"""

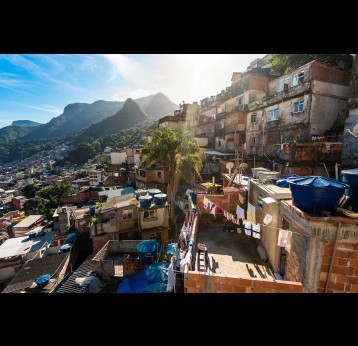 View of Rocinha, the Largest Favela in Brazil, With Mountains Around, in Rio de Janeiro.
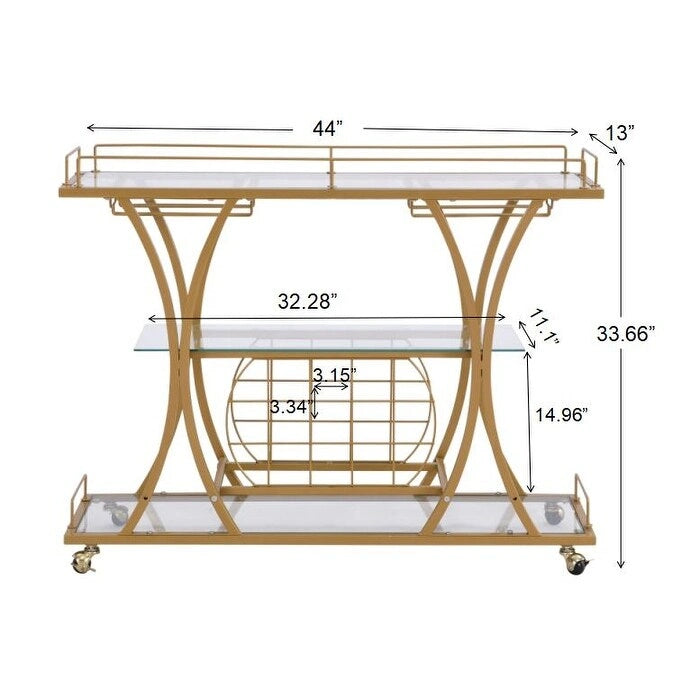 3-Tier Tempered Glass Rolling Bar Cart with Wine Rack and 16 Glass Holder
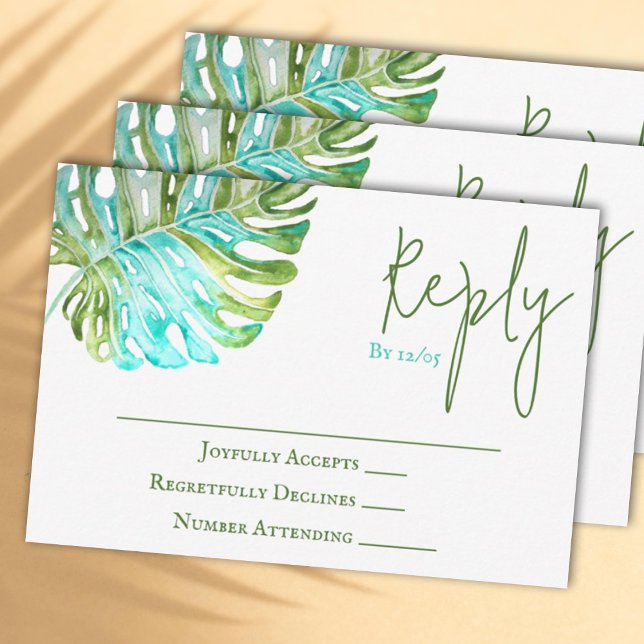 Tropical Monstera Leaf Wedding RSVP Card (Watercolor light green and turquoise monstera leaf wedding RSVP reply card)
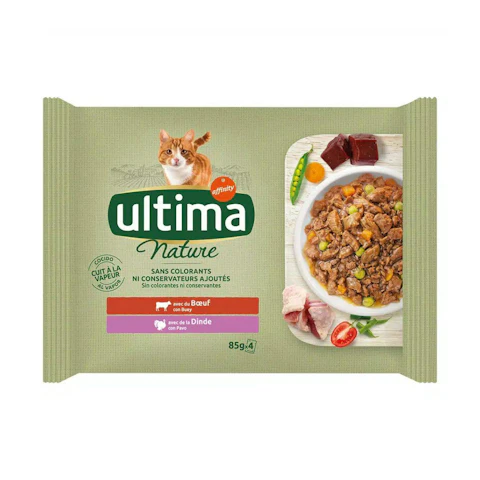 Alimento Para Gatos Con Buey Y Pavo Natura Ultima Pack 4X85 Gr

"""

◆ TASK DETAILS ◆
Every line above should be returned exactly; the pictures stay out.

◆ RESULT FOR THIS EXERCISE ◆
 View of Rocinha, the Largest Favela in Brazil, With Mountains Around, in Rio de Janeiro.
 3-Tier Tempered Glass Rolling Bar Cart with Wine Rack and 16 Glass Holder
 Tropical Monstera Leaf Wedding RSVP Card (Watercolor light green and turquoise monstera leaf wedding RSVP reply card)
 Alimento Para Gatos Con Buey Y Pavo Natura Ultima Pack 4X85 Gr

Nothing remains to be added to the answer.